◆ **THE RECORDS**

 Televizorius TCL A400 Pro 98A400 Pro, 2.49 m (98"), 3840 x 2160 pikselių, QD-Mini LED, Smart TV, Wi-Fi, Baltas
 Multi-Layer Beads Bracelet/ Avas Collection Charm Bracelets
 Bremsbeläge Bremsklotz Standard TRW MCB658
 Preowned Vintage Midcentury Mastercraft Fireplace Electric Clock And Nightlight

--

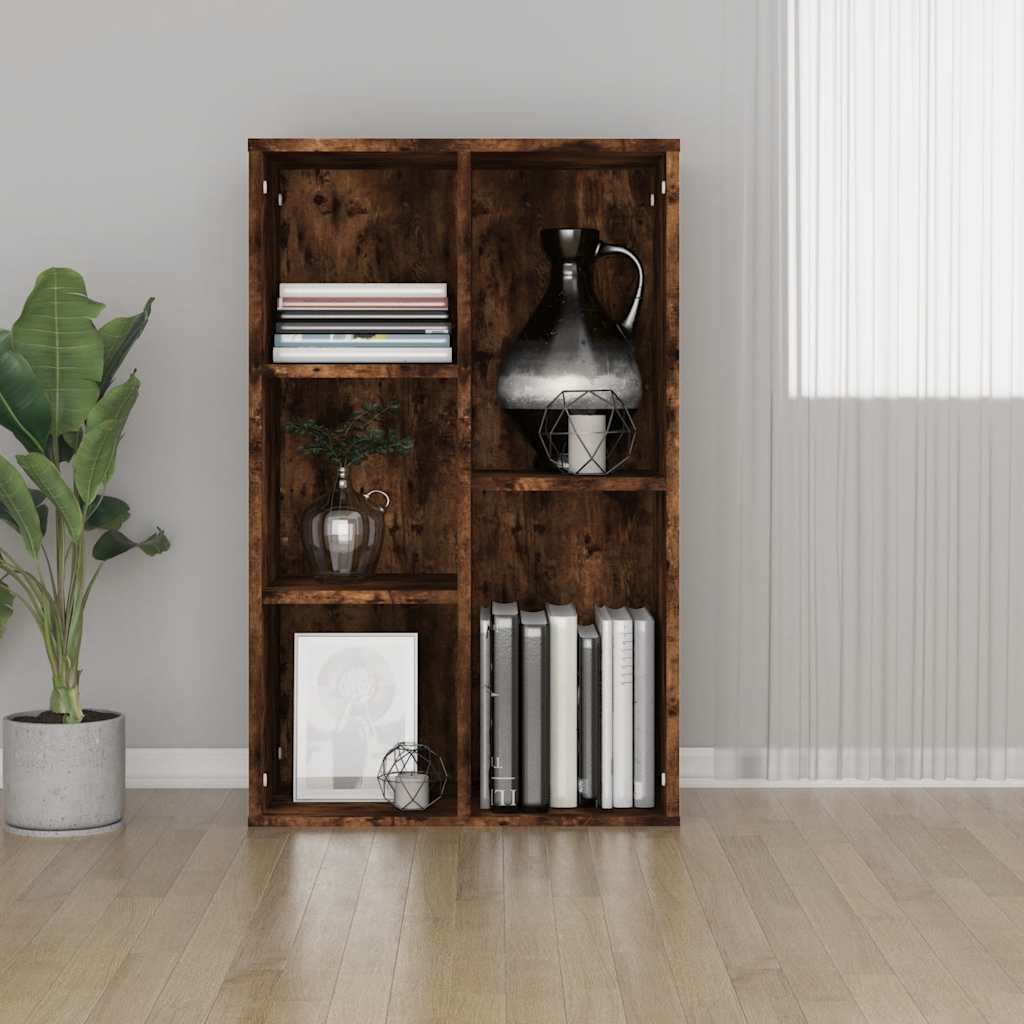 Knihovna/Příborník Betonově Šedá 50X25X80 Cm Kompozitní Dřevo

◆ **THE TASK**
Repeat exactly the lines above from the one with "Televizorius TCL A400" up to and including the one with "Preowned Vintage Midcentury". No other line belongs in the reply.

◆ **WORKED SOLUTION**
 Televizorius TCL A400 Pro 98A400 Pro, 2.49 m (98"), 3840 x 2160 pikselių, QD-Mini LED, Smart TV, Wi-Fi, Baltas
 Multi-Layer Beads Bracelet/ Avas Collection Charm Bracelets
 Bremsbeläge Bremsklotz Standard TRW MCB658
 Preowned Vintage Midcentury Mastercraft Fireplace Electric Clock And Nightlight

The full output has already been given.